450.000 euros et un méga contrat pour Shayp, la start-up qui traque les fuites d'eau

©Olivier Papegnies

La start-up bruxelloise a développé un outil qui permet de détecter les fuites d’eau et de gérer sa consommation. Elle est sur le point de signer un contrat avec un assureur mondial qui va la faire changer de dimension. Pour assurer sa croissance, Shayp vient de lever 450.00 euros et envisage déjà une nouvelle levée de fonds de 3 millions d’euros.

Alexandre McCormack a un nom qui sent bon le whisky, pourtant c’est l’eau qui le fait vibrer. C’est en tout cas un jeune homme qui n’aime pas perdre une goutte. Le jour où il a découvert que 22% des montants des factures d’eau des bâtiments institutionnels étaient à imputer à des fuites, il a avalé de travers.

Ingénieur de formation, il a sorti sa boîte à outils et a développé un premier prototype en 3 mois.
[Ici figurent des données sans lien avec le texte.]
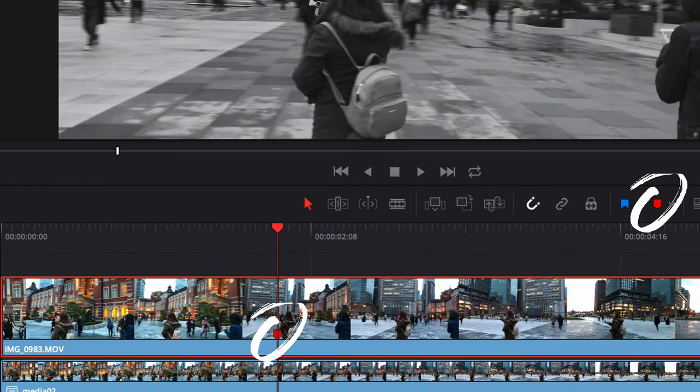Next, we want to go up to our inspector tab. Under the cropping property tool, tick that diamond shape aligned with crop left only to set as a keyframe.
L’idée? Surveiller la consommation d’eau d’un bâtiment via un boîtier relié au compteur pour détecter les éventuelles fuites et ensuite les localiser et les colmater. Accompagné de deux autres ingénieurs, Alexandre McCormack a fondé Shayp en 2017. Incubé chez GreenBiz à l’époque, c’est aujourd’hui que la start-up est prête à révéler tout son potentiel. Un potentiel financier, environnemental et technologique.

Des fonds pour décoller

La start-up bruxelloise a levé 360.000 euros en 2017 lors d’un premier tour de table et vient de boucler une deuxième levée de fonds auprès de la SRIB et de la banque Triodos à hauteur de 450.000 euros. Elle vise déjà une troisième levée de fonds pour la fin de l’année avec comme ambition de recueillir 3 millions d’euros.

©Marco Mertens

La structure devrait atteindre son seuil de rentabilité début 2020. Pour l’instant, elle s’était majoritairement concentrée sur les bâtiments institutionnels privés ou publics. Elle a notamment monitoré l’ensemble des bâtiments appartenant à la Ville de Bruxelles. Un contrat qui lui a, par exemple, permis de mettre au jour une fuite qui lui a donné une visibilité mondiale: "Via notre boîtier, nous nous sommes rendu compte que le Manneken Pis fuitait depuis sa construction. Au lieu de tourner en circuit fermé comme une fontaine classique, le petit enfant emblématique consommait 55l/heure", raconte avec le sourire Alexandre McCormack, fondateur de la start-up.

Un outil taillé pour les assureurs

La start-up bruxelloise a mis le doigt sur un problème qui préoccupe particulièrement le secteur des assurances, lassé de devoir intervenir pour des dégâts des eaux qui auraient pu être évités en amont. Intéressé depuis le départ par l’outil développé par Shayp, plusieurs assureurs ont déjà montré leur intérêt sans pour autant signer de contrat ferme avec la start-up.

Les sinistres imputés à des fuites d’eau coûtent chaque année 12 milliards d’euros aux assureurs en Europe.

Mais l’évolution de la start-up bruxelloise est sur le point de prendre un tournant décisif. Shayp est maintenant dans la phase de finalisation d’un contrat avec un assureur mondial. Un contrat qui risque de la faire changer de dimension. Quand on sait que les sinistres imputés à des fuites d’eau coûtent chaque année 12 milliards d’euros aux assureurs en Europe, ces derniers sont prêts à mettre la main au portefeuille pour faire baisser ce montant drastiquement.

Les particuliers dans le viseur

Pour son offre s’adressant aux professionnels et qui vise les bâtiments à grosse consommation, Shayp se rémunère directement sur la facture d’eau. En garantissant un pourcentage d’économie, la start-up s’octroie 5% du montant de la facture en contrepartie. Dans le cadre de son partenariat avec le secteur de l’assurance, le modèle change complètement.

"Le principe est que l’assureur va pouvoir offrir une série de services à ses clients comme par exemple l’intervention d’un plombier ou le remplacement de tuyaux."
Alexandre McCormack

Ce contrat va représenter des centaines de milliers de clients privés à équiper du fameux boîtier intelligent. Shayp se rémunérera en prenant un pourcentage de la prime d’assurance, le prix étant répercuté sur la prime elle-même. "Le principe est que l’assureur va pouvoir offrir une série de services à ses clients comme par exemple l’intervention d’un plombier ou le remplacement de tuyaux", nous explique Alexandre McCormack.

Pour pouvoir répondre à la demande, Shayp va devoir grandir vite et bien. C’est là que se situe le danger pour la start-up. Habituée à fonctionner en équipe réduite, elle va devoir engager à tour de bras pour pouvoir produire et assurer le service après-vente que représente un tel type de contrat.